Various bloggers have commented recently on economic
orthodoxy and whether changes are needed to the teaching of economics. Paul Krugman (largely) defends the mainstream. I was particularly interested in one comment
he made (in this post).
"It’s true that few economists tracked the rise of shadow banking that bypassed the traditional safeguards — but that was a problem of vigilance, not bad theory."
"It’s true that few economists tracked the rise of shadow banking that bypassed the traditional safeguards — but that was a problem of vigilance, not bad theory."
I'd agree that vigilance was lacking when it comes to regulatory matters, but I suspect that theoretical orthodoxy is also partly to blame here.
There were lots of things happening that contributed to the crisis, which is why you hear so many different explanations. However, the following process played an important part.
1. In the years leading up to the crisis, developments in the financial sector increased the supply of credit to households.
2. The greater flow of credit increased household spending at the same time as it led to rising debt to income ratios.
3. The higher the debt to income ratio goes, the more likely it is that the flow of credit will slow or go into reverse.
4. When the supply of credit eventually slows, household spending will fall.

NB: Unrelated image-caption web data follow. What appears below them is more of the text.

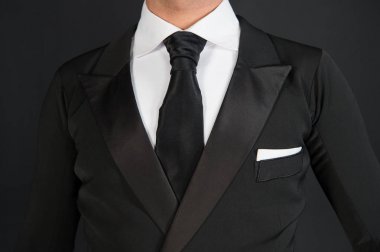 Siyah smokin takım elbise ve Beyaz tişörtlü adam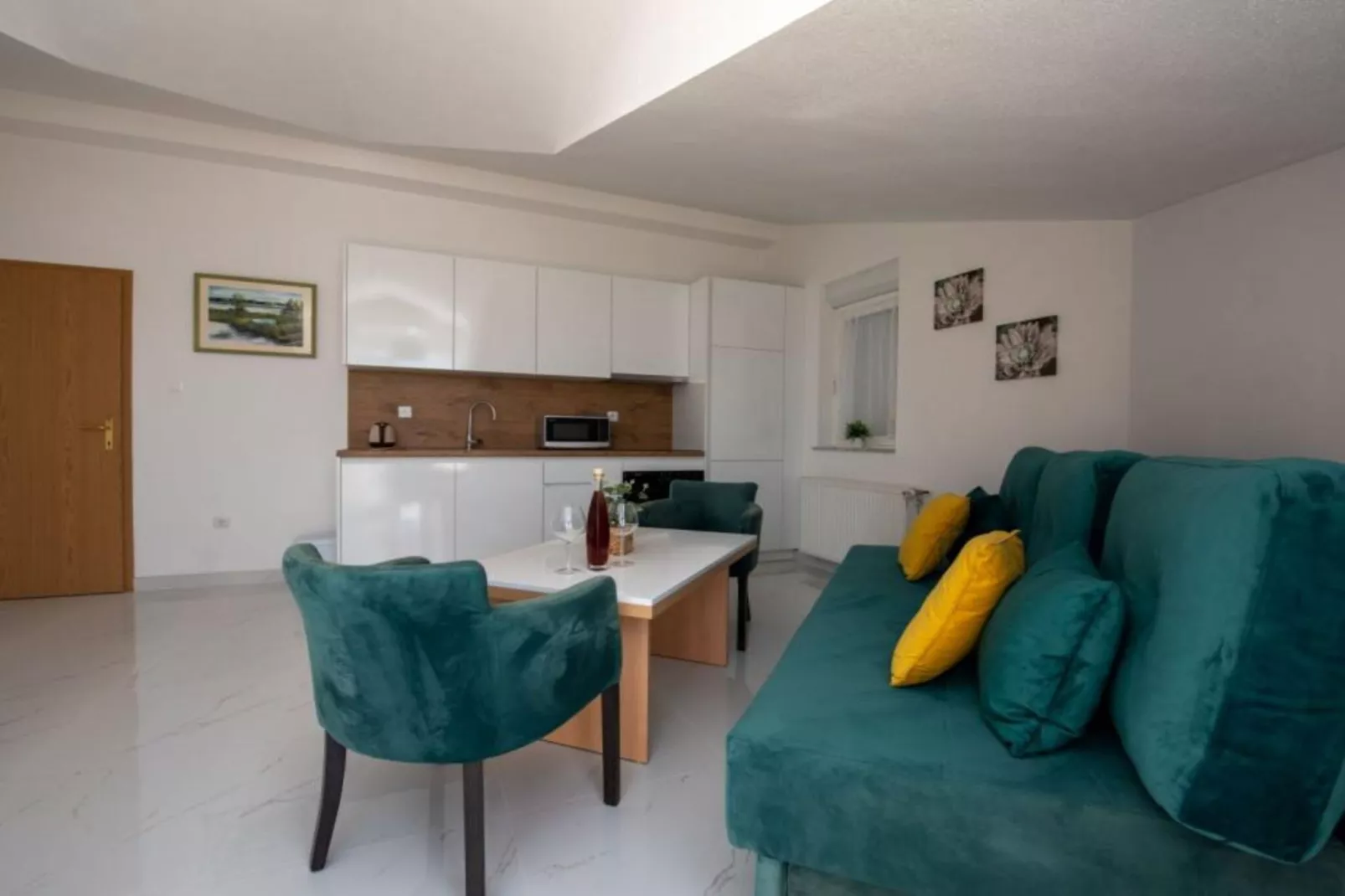 Villa Tomi - Double Room With Sea View (3)-Living room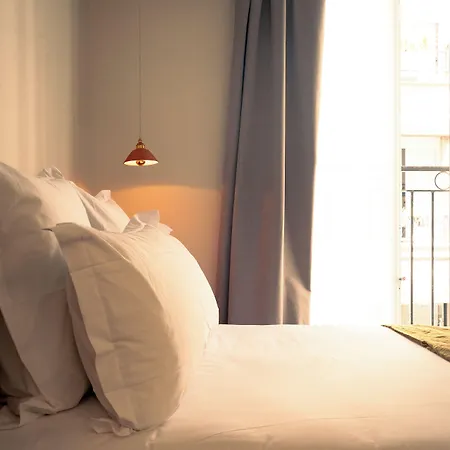 Hotel Camelia International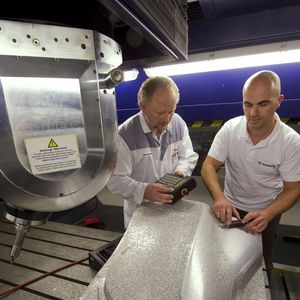 Ein auf der Tagung vorgestelltes energieeffizientes Maschinenprinzip ist die Scherenkinematik. Zwei Mitarbeiter des Fraunhofer IWU vermessen ein Umformwerkzeug für einen Kotflügel. Bild: Fraunhofer IWU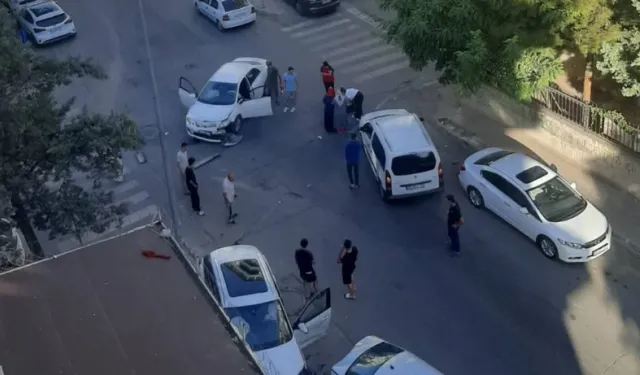 Batman’da Korkunç Kaza: İki Araç Çarpıştı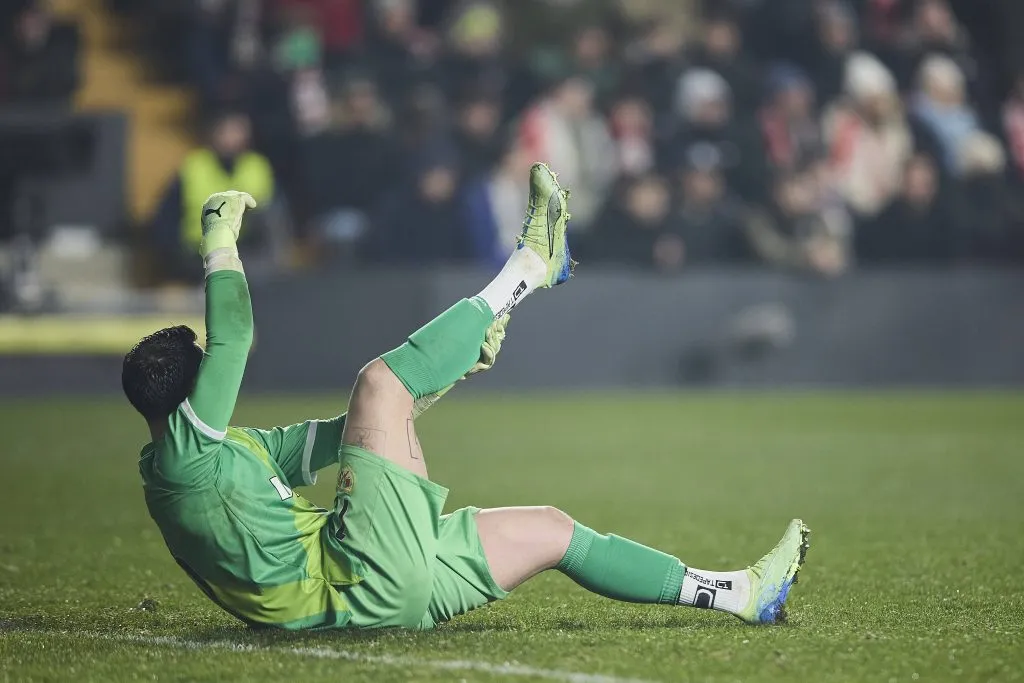 Augusto Batalla en el piso ante Real Madrid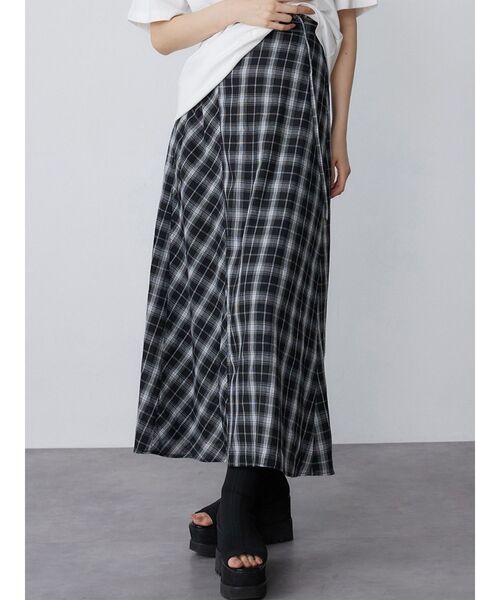 MURUA（ムルーア）の「【WEB限定】チェックフレアスカート（スカート・レディース・ブラック/グレー/グリーン・FREE）」の2枚目の写真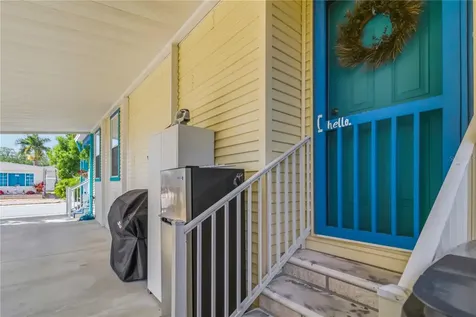 915 50th Avenue W Bradenton FL 34207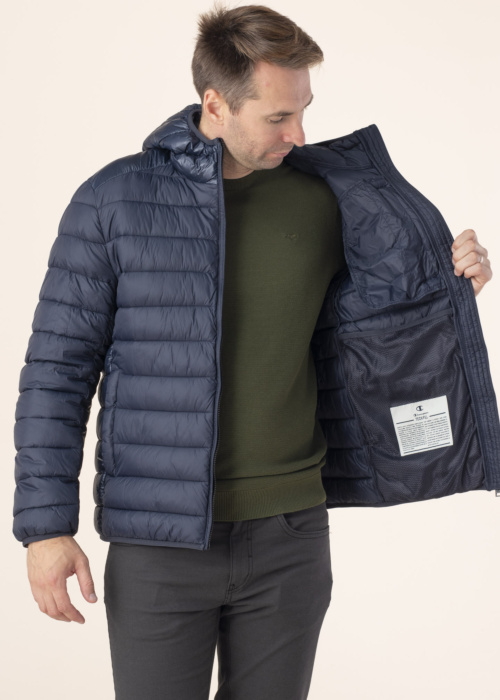 Весенне-осенняя куртка Champion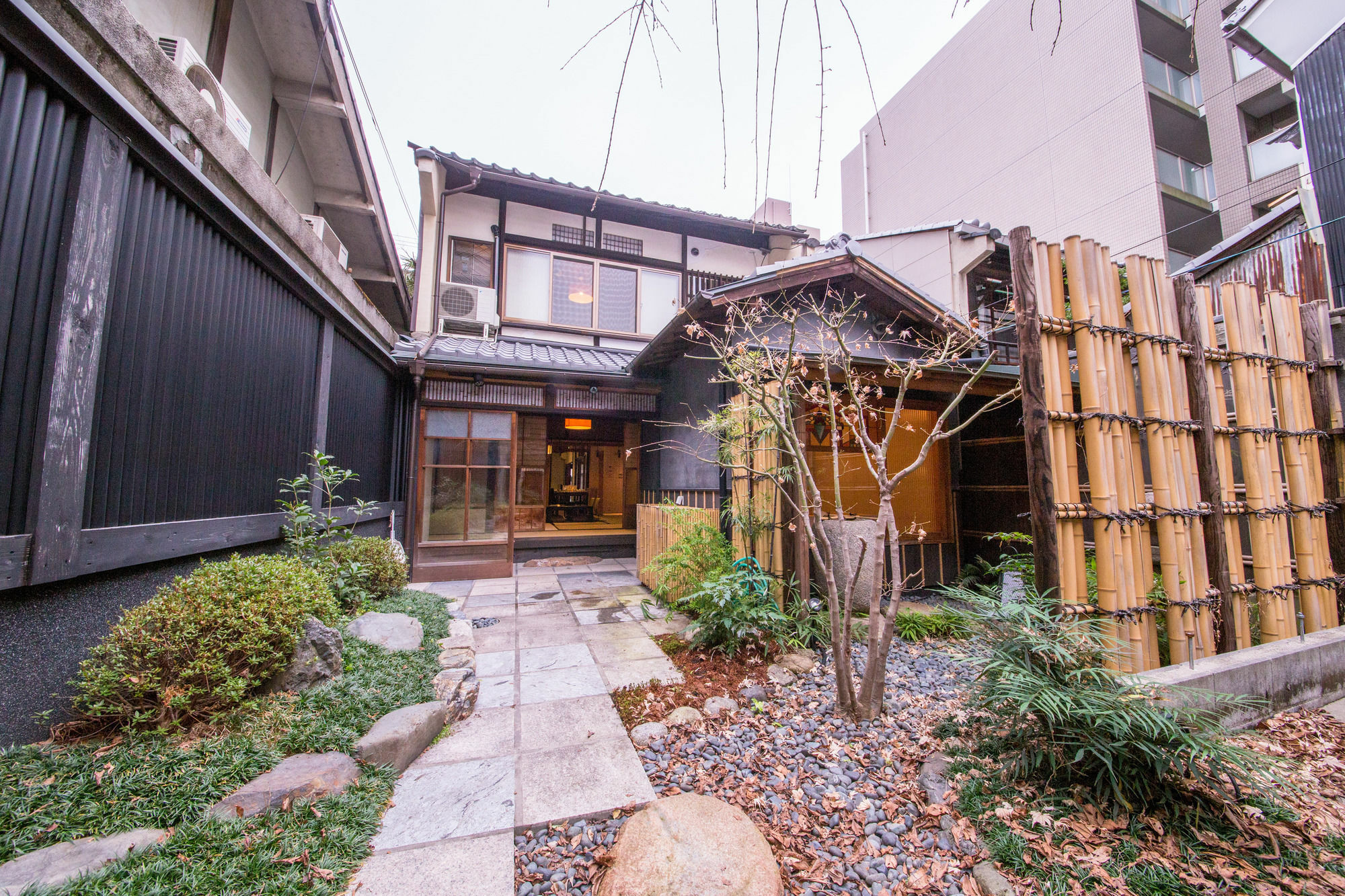 Le Machiya Rokkaku Suite Кіото Екстер'єр фото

To understand why the financial sector was lending so much requires some knowledge of the regulatory environment and things like shadow banking. However, you didn't need any knowledge of these things to be able to see the growth in household debt. Even if you had never heard of shadow banking, the growth in debt should have been clear from the data.
I would not expect any economist to be able to predict the details of a crash. The things that determine timing and extent are too complex and vague to be the subject of forecast. It's not usually even possible to say whether a crash will in fact occur, or whether there will simply be a slow unremarkable correction.
My point here is that the process I have described is very easily explained and understood within a simple Post Keynesian analytical framework. There might be disagreement on the precise mechanics, but the basic picture is clear. It is less easy to see within a framework of maximising representative agents. Sure - it is possible to extend these ideas to incorporate all sorts of things, as supporters of the mainstream would be quick to point out. But making the models more complex does not help highlight the important issues. After all, the important issue here is not the rationality or otherwise of financial institutions - it is the hard fact of credit growth.
The relationship between credit supply and spending should be basic economics. If the orthodox approach means we can't spot it when it's going on right before our eyes, then that approach is lacking. This is the problem with not taking the pluralist view in economics. Economies are by their nature too complex to be captured by any one method of analysis. All any approach does is provide us pointers and clues to help see what is going on. Ignoring those that seem to contradict our preferred worldview can blind us to what is really going on.